11 January 2019
A stylish new rooftop bar and restaurant has opened its doors at Resorts World.
Sky By The Water has launched following a multi-million pound investment by Resorts World, which is now in its fourth year of operation at the NEC campus.
The menu has been created by Birmingham-born head chef Aaron Darnley (pictured), which highlights including slow-cooked ox cheek, bamboo steamed medallion of cod with a chorizo and bean cassoulet, lamb hotpot with sticky red cabbage and lightly spiced curried sweet potato, cauliflower, spinach and peas with puffed black rice.

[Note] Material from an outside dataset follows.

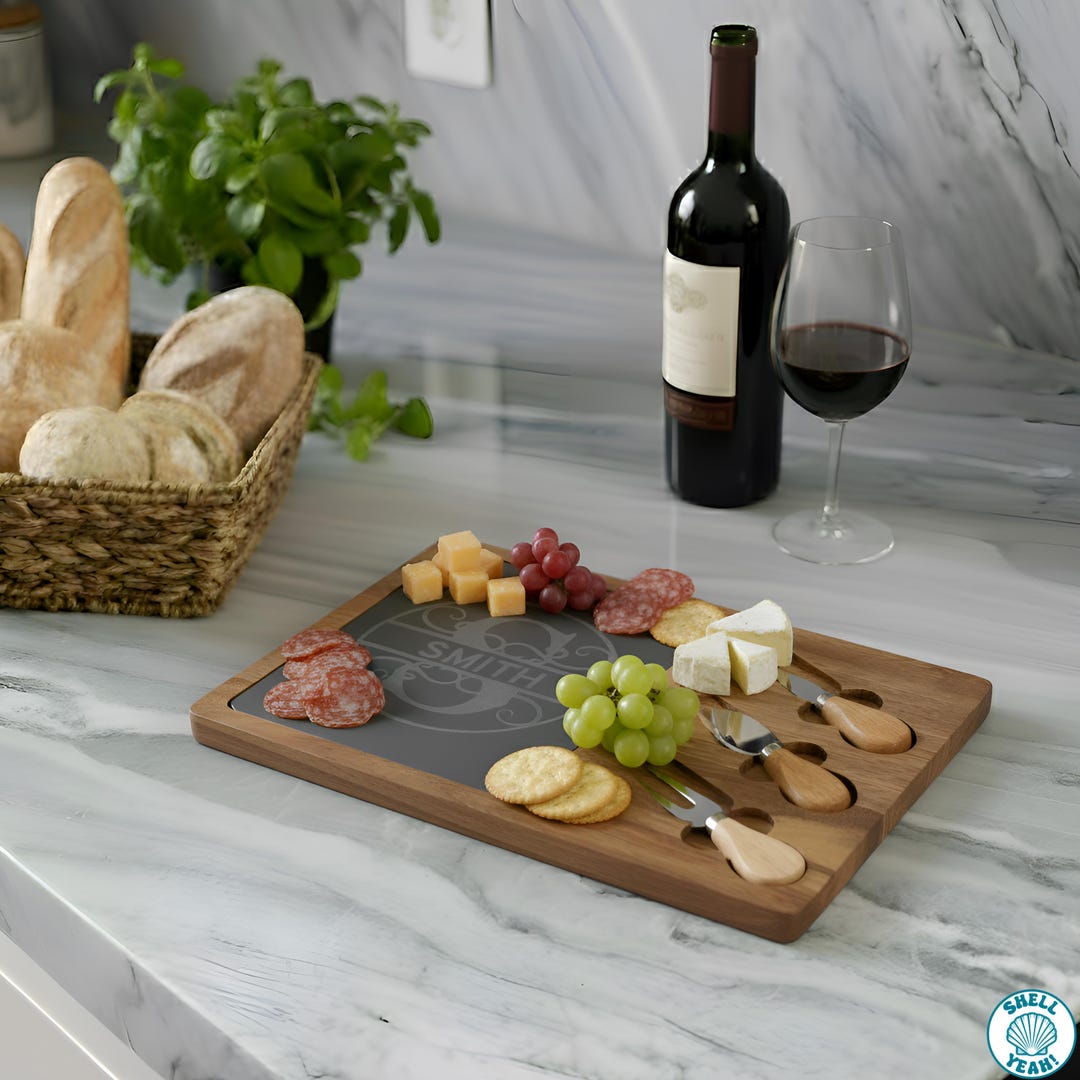 Custom Engraved Charcuterie Board Acacia Wood With Slate Insert Serving ...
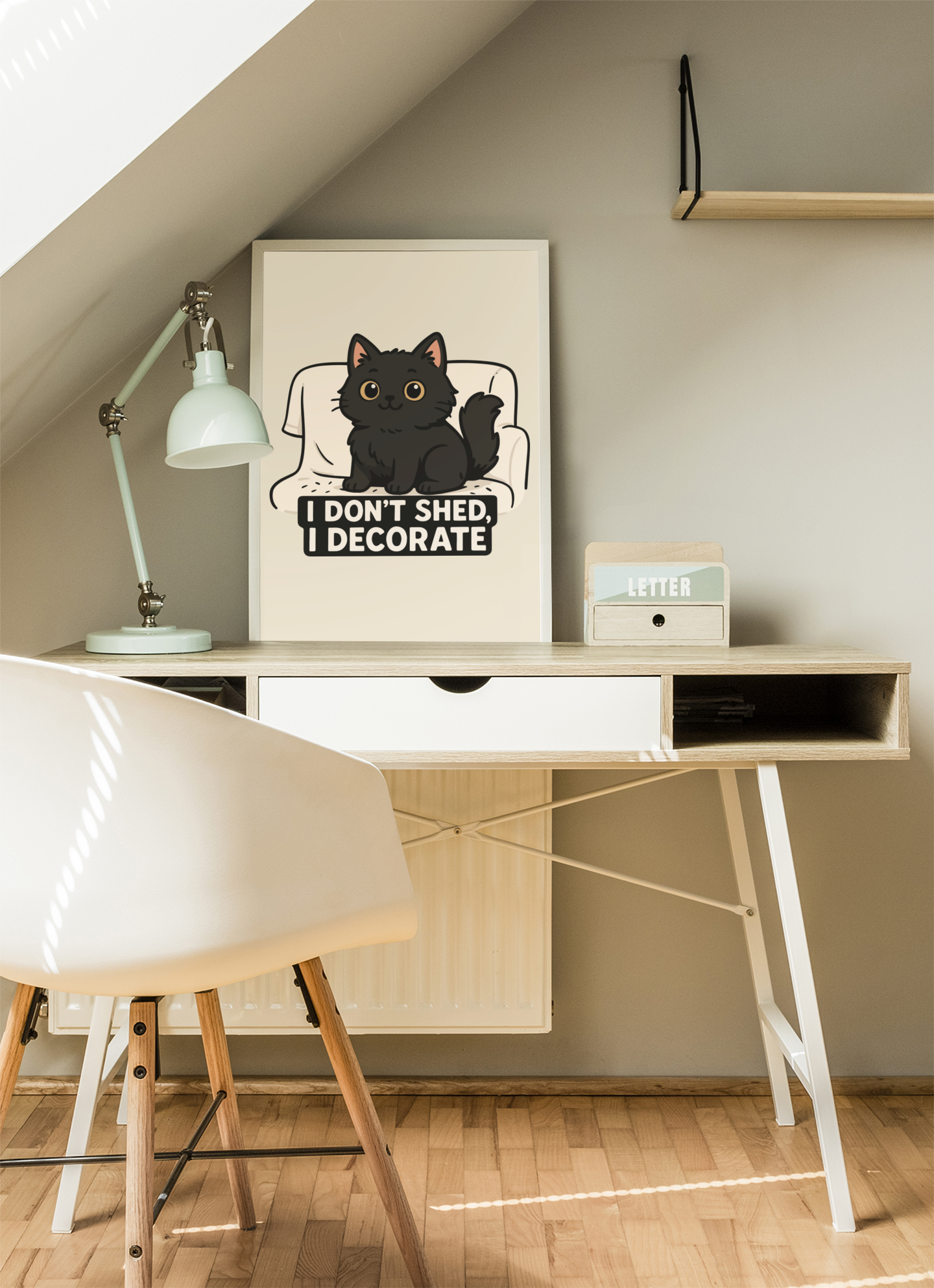 Funny Cat Memes: Cute Cat Poster - "I Don't Shed, I Decorate" - Matte Vertical Wall Art for Cat Lovers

Desserts and a new afternoon tea experience come from a pastry team headed by Darryl Collins, finalist on last year’s Channel 4’s Bake Off: The Professionals.
A new cocktail menu has also been curated by the team from the former Sky Bar.
Sky By The Water has a capacity of 260, along with private dining for between 12 and 48 people and a Chef’s Table experience for between two to 10 people.
Genting Hotel guests will also be served breakfast from the new venue.
Ian Bennett, operations director of Resorts World Birmingham, said: “The opening of Sky By The Water is a very important component in Resorts World’s evolution.
“I am confident that we have created an experience that will result in both new guests coming to Resorts World and provide our regulars with a new and memorable venue to enjoy.”